Радикальные изменения в жизни самого Андрея Сахарова произошли тогда, когда он понял бесперспективность попыток просвещения и перевоспитания властей — а возможность прямого разговора, устного и письменного, с руководителями государства у него была. В 1968 году, как раз тогда, когда начались очевидные политические заморозки и состоялось знаковое вторжение войск Варшавского договора в Чехословакию, Сахаров решил обращаться к тем, кто готов слушать, то есть к городу и миру, к обществу. Миллионные тиражи «Размышлений…», публикация этого текста в The New York Times — это было начало нового Сахарова, разочаровавшегося в возможности отремонтировать государство на гуманистических принципах с помощью лидеров этого государства. И даже тогда власть все еще держала Андрея Дмитриевича за своего: Юрий Андропов вызвал академика Юлия Харитона к себе и попросил провести беседу с Сахаровым, чтобы наставить на путь истинный. Но было поздно. Именно тогда выдающего физика отстранили от работы в Арзамасе-16: правозащитнику, одержимому идеей общечеловеческих ценностей, больше нельзя было оставаться «бомбовиком».

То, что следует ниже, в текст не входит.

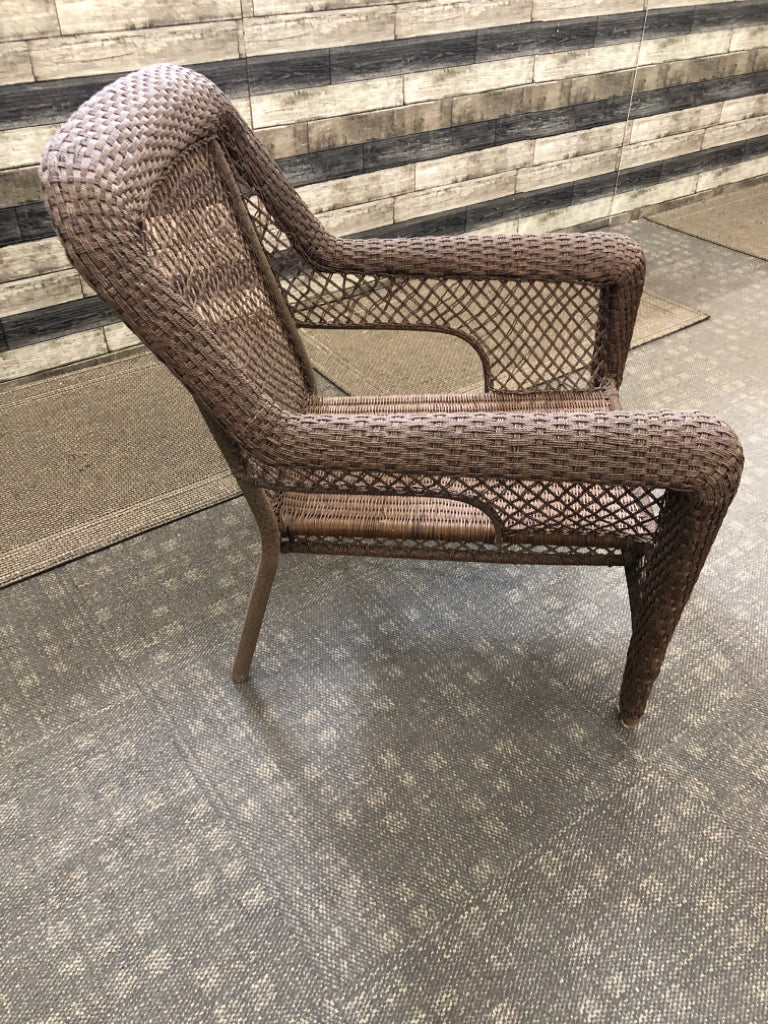 BROWN WICKER OUTDOOR CHAIR.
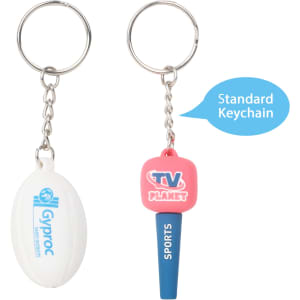 A custom-shaped PVC keyring featuring a rugby ball and a pink keychain with branding. Both are on metal keyrings.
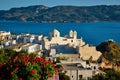 Picturesque scenic view of Greek town Plaka on Milos island over red geranium flowers Royalty Free Stock Photo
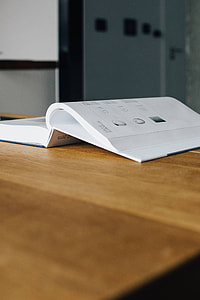 Tap catalogue on a wooden table thumbnail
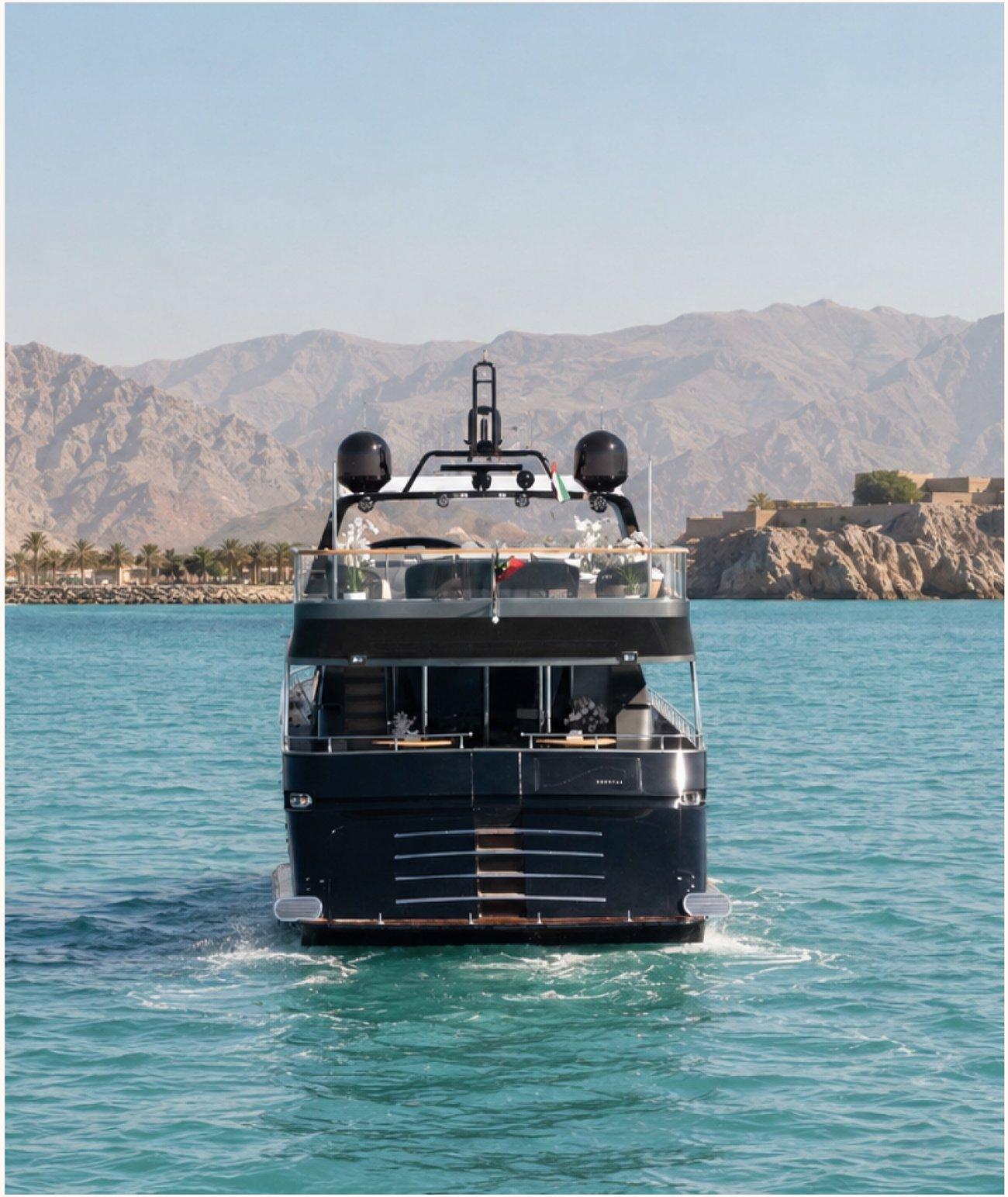 A private yacht at anchor off a rugged coast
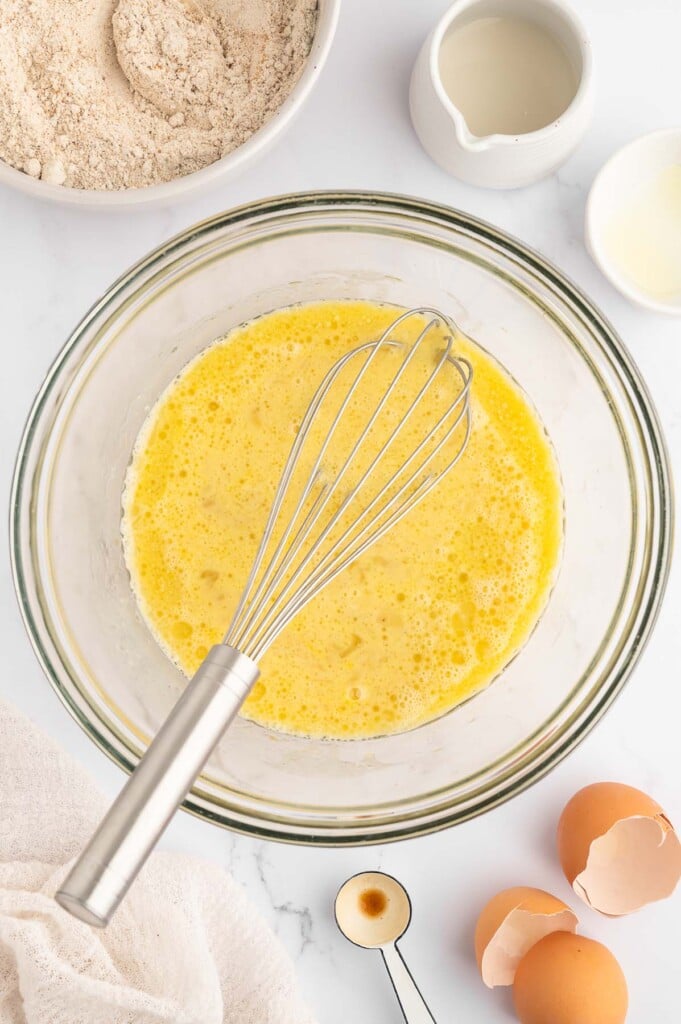 An overhead shot of wet ingredients for banana pancakes in a clear bowl with a whisk in the bowl on a marble counter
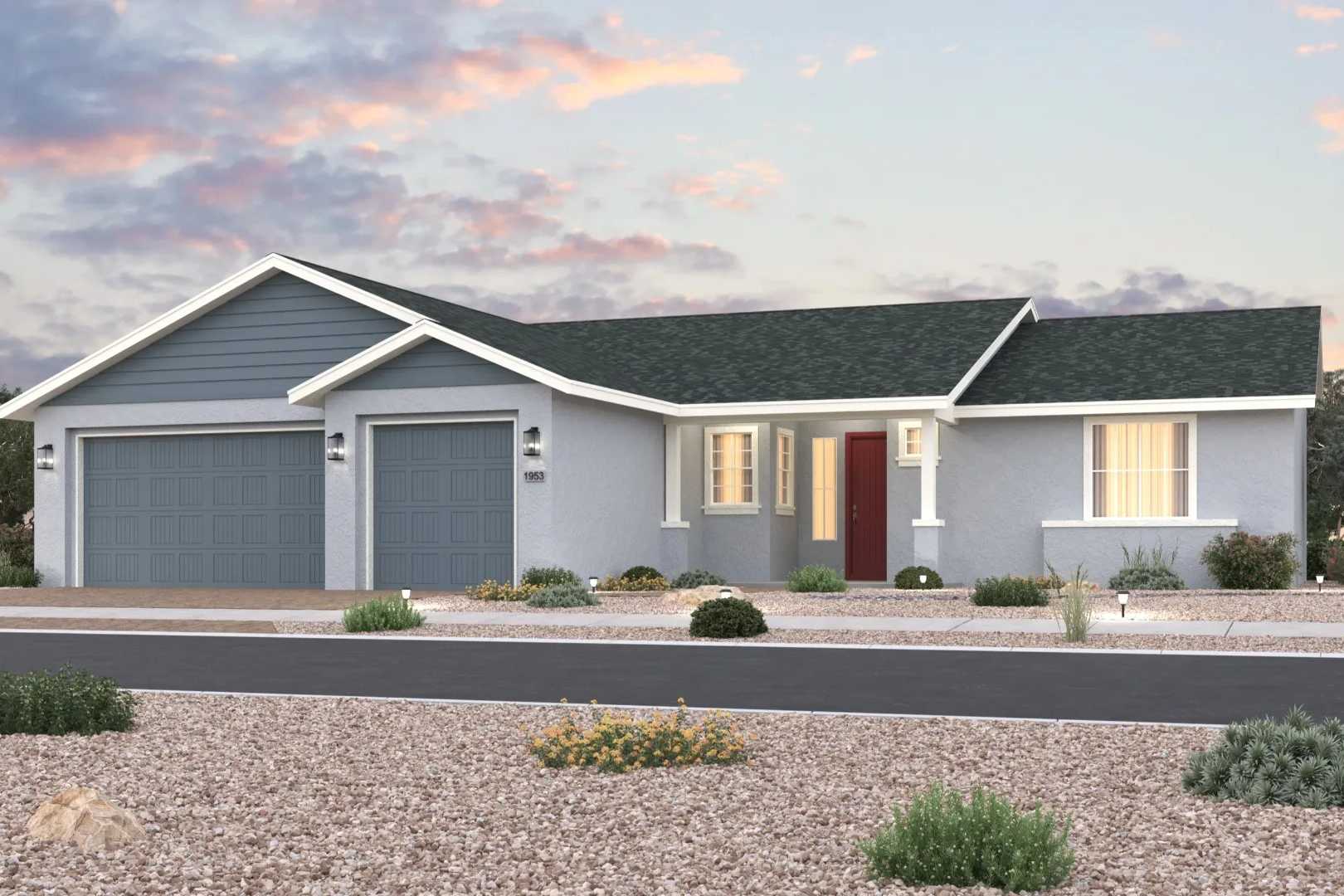 Contemporary single-story home exterior in Westwood Prescott AZ with desert landscaping, double garage, and sunset sky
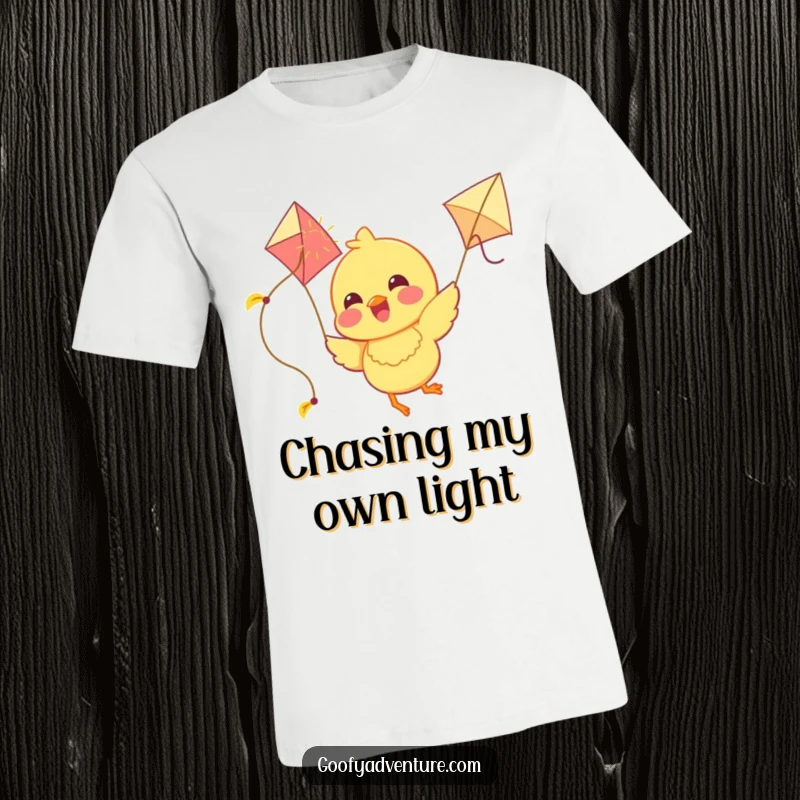 Funny Chick T-Shirt: A joyous chick soars through the sky, flying a kite crafted from bright sunshine, exuding pure happiness.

Сахаров обладал идеалистическим проективным мышлением: не только предсказывал базовые тренды в развитии человечества («Мир через полвека»), но и описывал идеал. Подобного рода подход мог бы показаться нереалистичным. Однако именно такое романтическое целеполагание и оказывается вполне прагматическим. Все остальные варианты оборачиваются неограниченной властью Левиафана, который отождествляет себя со страной и полностью подавляет общество. Сахаров переворачивал пирамиду: сначала — права человека и гражданина, потом — все остальное. А важнее всего — интеллектуальная свобода, без нее нет развития.
Что может быть сегодня крамольнее этих мыслей? И можно ли допустить, чтобы обычные граждане читали их на стендах московского бульвара!